● About this exercise
Would you please repeat exactly the lines from the one containing "this 500×500 image." to the end of the records, both included, and leave out the rest?

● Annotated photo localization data
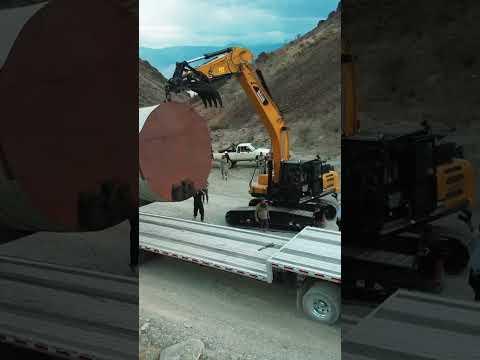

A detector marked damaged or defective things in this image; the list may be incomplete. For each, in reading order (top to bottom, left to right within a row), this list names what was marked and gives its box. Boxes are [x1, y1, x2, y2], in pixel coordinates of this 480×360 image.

rusted metal tank [0, 0, 139, 231]
rusted metal tank [138, 101, 211, 202]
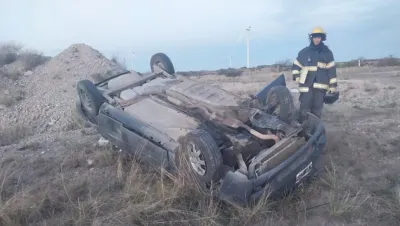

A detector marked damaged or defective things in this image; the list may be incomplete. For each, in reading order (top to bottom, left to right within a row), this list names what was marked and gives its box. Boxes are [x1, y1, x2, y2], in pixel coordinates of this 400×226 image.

overturned car [76, 52, 328, 205]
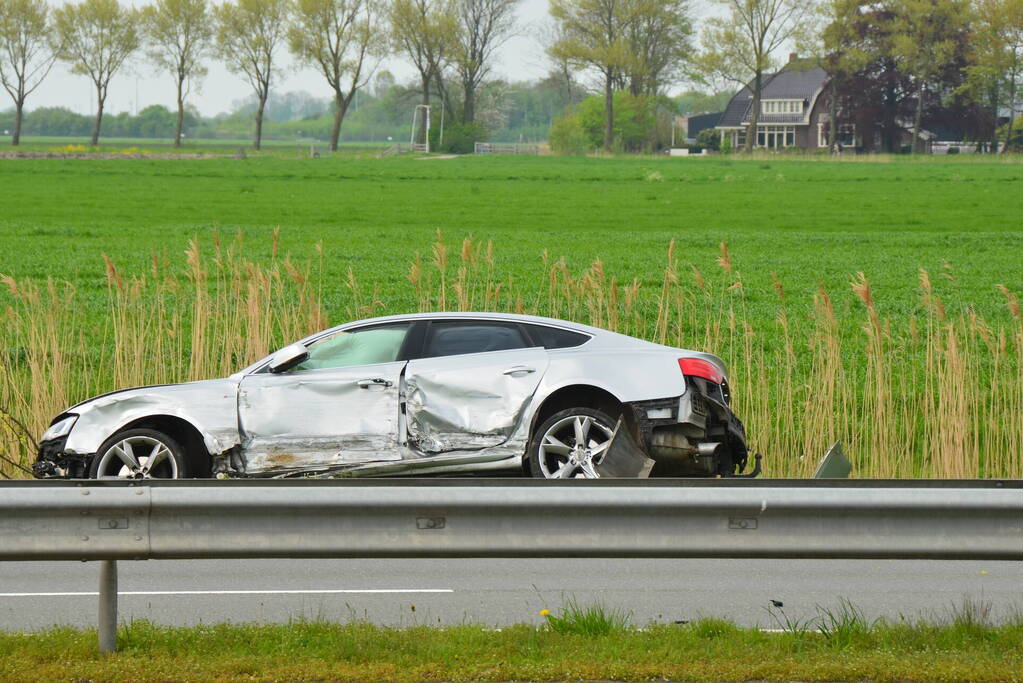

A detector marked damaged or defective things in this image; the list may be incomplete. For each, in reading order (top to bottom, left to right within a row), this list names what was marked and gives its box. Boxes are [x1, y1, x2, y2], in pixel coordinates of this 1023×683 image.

broken headlight area [32, 439, 92, 478]
exposed wheel arch [116, 413, 211, 478]
crumpled car door [237, 361, 405, 474]
damaged car [31, 312, 757, 480]
crumpled car door [401, 349, 552, 456]
broken headlight area [621, 382, 752, 478]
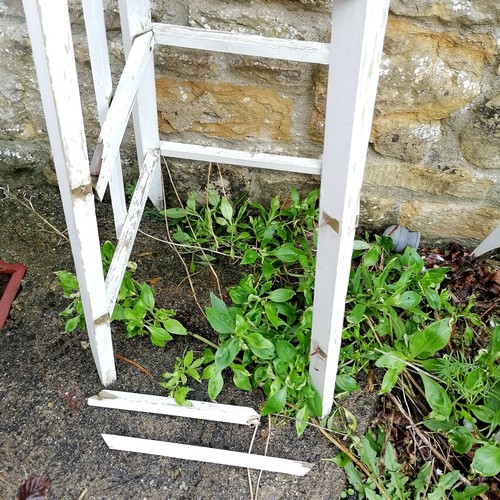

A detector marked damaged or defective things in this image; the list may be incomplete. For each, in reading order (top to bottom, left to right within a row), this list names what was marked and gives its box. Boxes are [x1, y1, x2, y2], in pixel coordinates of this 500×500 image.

broken wooden slat [22, 0, 116, 386]
broken wooden slat [80, 0, 126, 236]
broken wooden slat [94, 29, 154, 199]
broken wooden slat [104, 149, 159, 312]
broken wooden slat [118, 0, 163, 209]
broken wooden slat [162, 142, 322, 177]
broken wooden slat [153, 22, 332, 64]
broken wooden slat [308, 0, 390, 416]
broken wooden slat [89, 390, 260, 426]
broken wooden slat [101, 434, 312, 476]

● Solution to the problem
A detector marked damaged or defective things in this image; the list may be incomplete. For each, in reading order (top to bottom, left to right within a row), this list names what was marked and gives its box. Boxes are [x1, y1, x2, y2], in pixel coordinates of this 500×500 image.

broken wooden slat [22, 0, 116, 386]
broken wooden slat [80, 0, 126, 236]
broken wooden slat [94, 29, 154, 199]
broken wooden slat [104, 149, 159, 312]
broken wooden slat [118, 0, 163, 209]
broken wooden slat [162, 142, 322, 177]
broken wooden slat [153, 22, 332, 64]
broken wooden slat [308, 0, 390, 416]
broken wooden slat [89, 390, 260, 426]
broken wooden slat [101, 434, 312, 476]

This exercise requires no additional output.